In the 1990s, the Capital Jury Project reached similar conclusions on the basis of their studies of capital juries. The Capital Jury Project (CJP), a nationwide research endeavor funded by the National Science Foundation, interviewed people who had served on death penalty juries from 15 states around the country. The CJP found that members of minority groups, women, Catholics, and other subgroups are more likely to oppose the death penalty than the population at large. Hence, fewer people belonging to these groups typically serve on a capital jury.
The CJP also collected a variety of information on jury decision-making, again concluding that jury selection itself yields a jury that is more likely to convict a defendant and to impose a death sentence than a jury that was not death-qualified. Likewise, according to the CJP, at sentencing, the jury selected tends to place more emphasis on aggravating factors and to overlook or minimize mitigating factors. The CJP argues that under both Supreme Court standards for capital jury selection, Witherspoon v. Illinois (1968) and Wainwright v. Witt (1985), pro-death penalty tendencies were built into capital juries.
United States Supreme Court Cases on Death Qualification
Witherspoon v. Illinois (1968)
The Supreme Court held that prospective jurors could not be disqualified from jury service simply because they voiced general objections to the death penalty or expressed conscientious or religious scruples against it. However, a state may exclude those jurors who would automatically vote against the death penalty or those jurors whose attitudes about the death penalty would affect their decision regarding the defendant’s guilt or innocence.
Wainwright v. Witt (1985)
The Supreme Court replaced the death qualification standards of Witherspoon with the standards of Wainwright v. Witt. The Witt standard gave more discretion to the judge in death qualification.
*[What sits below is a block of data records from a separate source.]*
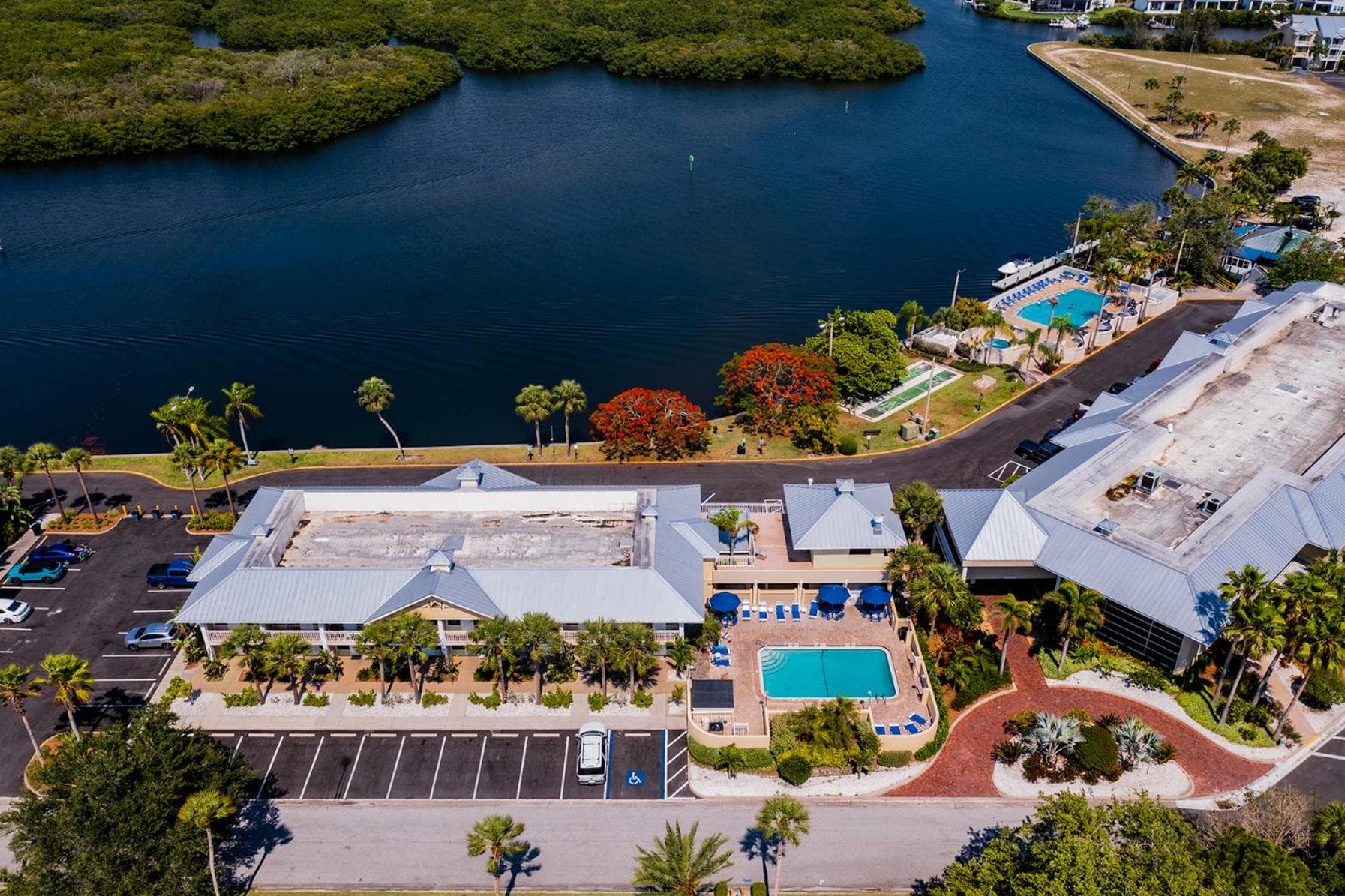 TAMPA BAY, BEACH step away, WIFI, FREE PARKING,POOLS, JACUZZI gallery photo in Ruskin, FL — image 33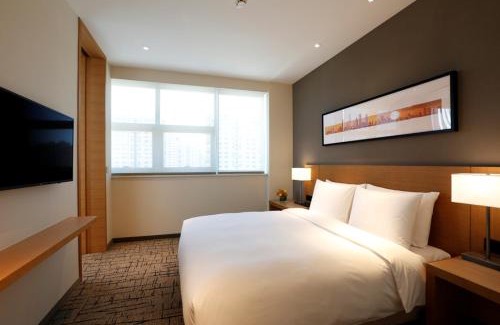 Jinfeng Qu Hotel | Discover Hyatt Place Yinchuan Yuecaicheng with Pool & Ocean View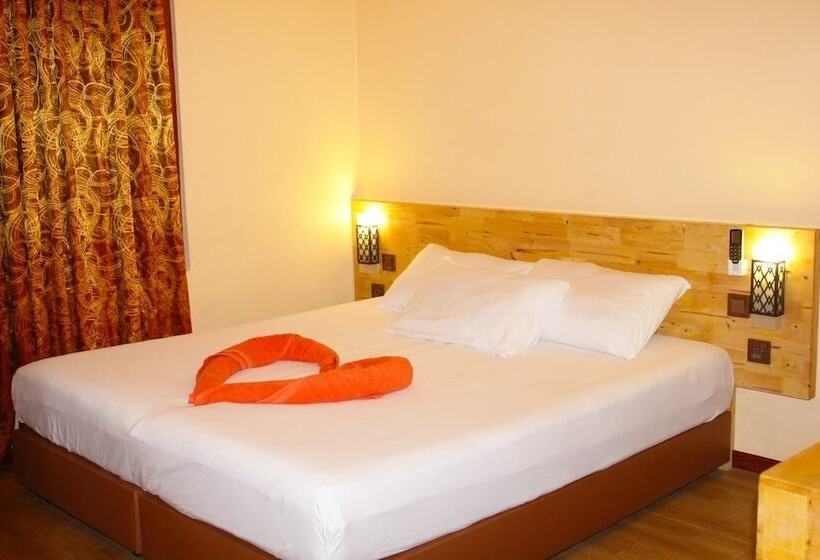 پانسیون Ninos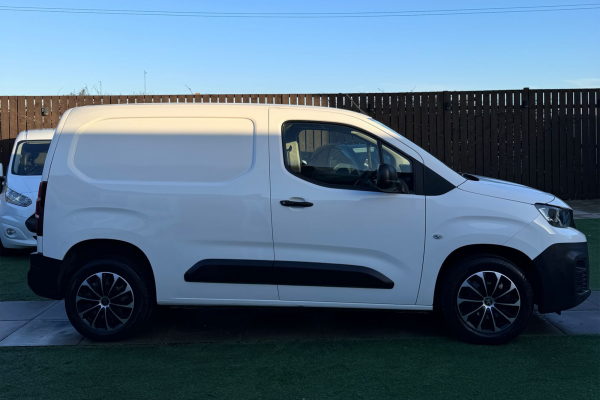 WhatsApp Image 2025-03-01 at 08.38.19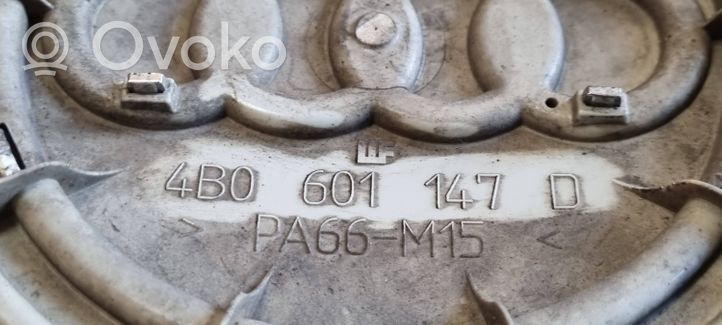 Audi A4 S4 B7 8E 8H Mozzo/copricerchi/borchia della ruota R16 4B0601147D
The judge decides whether the jurors’ attitudes toward the death penalty would “prevent or substantially impair” their ability to decide on sentence fairly. This decision broadened the range of people who could be excluded by death qualification.
Lockhart v. McCree (1986)
In Lockhart v. McCree, the results of the empirical research on the effects of death-qualification came before the Supreme Court. The court held that the process of death-qualification does not unconstitutionally bias juries towards a verdict of guilt. Justice Rehnquist criticized the research, but ultimately the Court held that general empirical research could not decide the issue; instead, a defendant would have to demonstrate that his or her own jury was biased.
Uttecht v. Brown (2007)
The Supreme Court held that when a capital juror is disqualified and that decision is challenged on appeal, the court should generally defer to the decision of the trial judge who was in a position to observe the juror’s demeanor. In a 5-4 decision, the Supreme Court upheld a trial judge’s exclusion of a juror who had expressed some hesitation about imposing the death penalty, but was not totally opposed to it. The juror from the state of Washington stated on six occasions during voir dire that he could follow the law on applying the death penalty. However, some of his other statements were equivocal and the judge excused him from jury service.